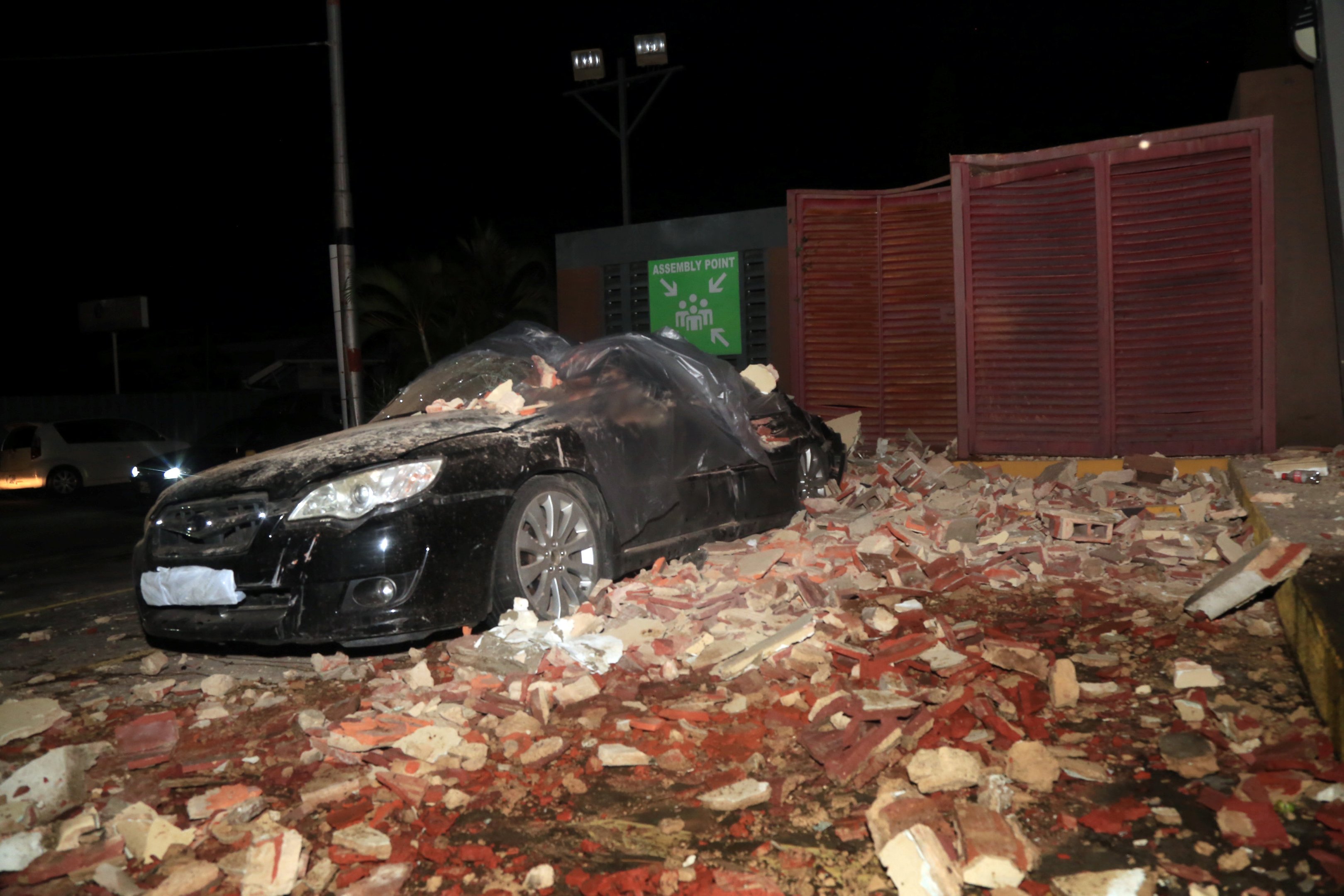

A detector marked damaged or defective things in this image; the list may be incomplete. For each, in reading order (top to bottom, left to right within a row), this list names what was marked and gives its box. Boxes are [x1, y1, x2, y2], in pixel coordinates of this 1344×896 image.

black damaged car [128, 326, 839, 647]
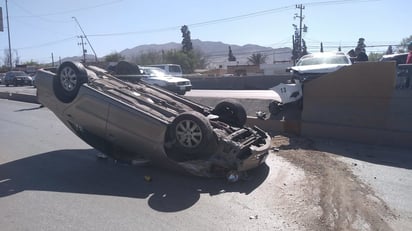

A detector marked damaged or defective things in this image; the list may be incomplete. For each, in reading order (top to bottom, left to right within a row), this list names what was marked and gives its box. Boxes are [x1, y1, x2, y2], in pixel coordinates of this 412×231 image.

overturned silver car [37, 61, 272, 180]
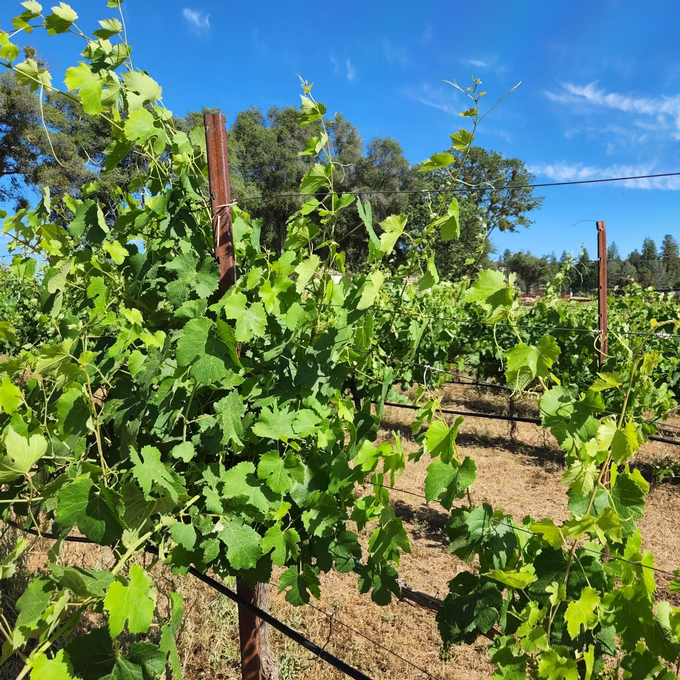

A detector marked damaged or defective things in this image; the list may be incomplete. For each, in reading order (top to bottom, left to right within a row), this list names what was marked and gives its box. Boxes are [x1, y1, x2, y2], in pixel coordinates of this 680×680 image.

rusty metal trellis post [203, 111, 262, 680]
* * *
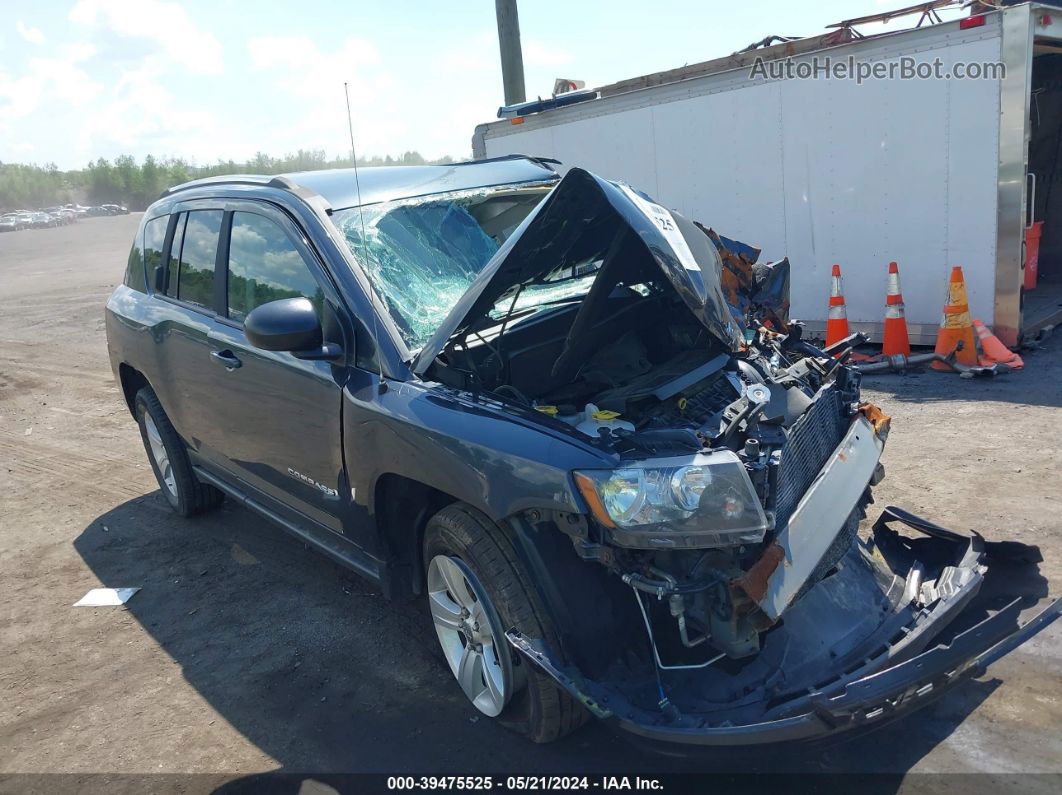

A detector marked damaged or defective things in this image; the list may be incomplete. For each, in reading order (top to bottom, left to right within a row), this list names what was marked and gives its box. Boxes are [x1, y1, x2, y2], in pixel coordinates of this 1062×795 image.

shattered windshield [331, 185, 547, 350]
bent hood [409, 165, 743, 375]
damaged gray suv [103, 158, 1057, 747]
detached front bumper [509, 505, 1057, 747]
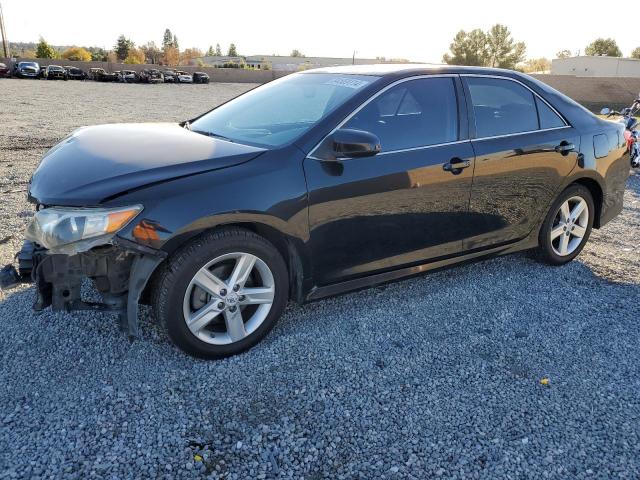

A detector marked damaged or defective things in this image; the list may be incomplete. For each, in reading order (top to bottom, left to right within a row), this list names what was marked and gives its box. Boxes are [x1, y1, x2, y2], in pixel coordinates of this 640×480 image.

Work instructions
Every line above from the one with "this 1062×795 image." down to the one with "this 640×480 image." must be written out exactly, and no picture may appear.

Answer box
A detector marked damaged or defective things in this image; the list may be incomplete. For each, in reading order (top to bottom, left to right within a row), this list names what was marked and gives its box. Boxes are [x1, y1, x2, y2], in pixel coordinates of this 1062×795 image.

shattered windshield [331, 185, 547, 350]
bent hood [409, 165, 743, 375]
damaged gray suv [103, 158, 1057, 747]
detached front bumper [509, 505, 1057, 747]

A detector marked damaged or defective things in this image; the list may be incomplete. For each, in reading order (top to bottom, left to right within a row), this list names what was marked and gives its box. Boxes are [x1, y1, x2, y2], in pixel coordinates of this 640×480 image.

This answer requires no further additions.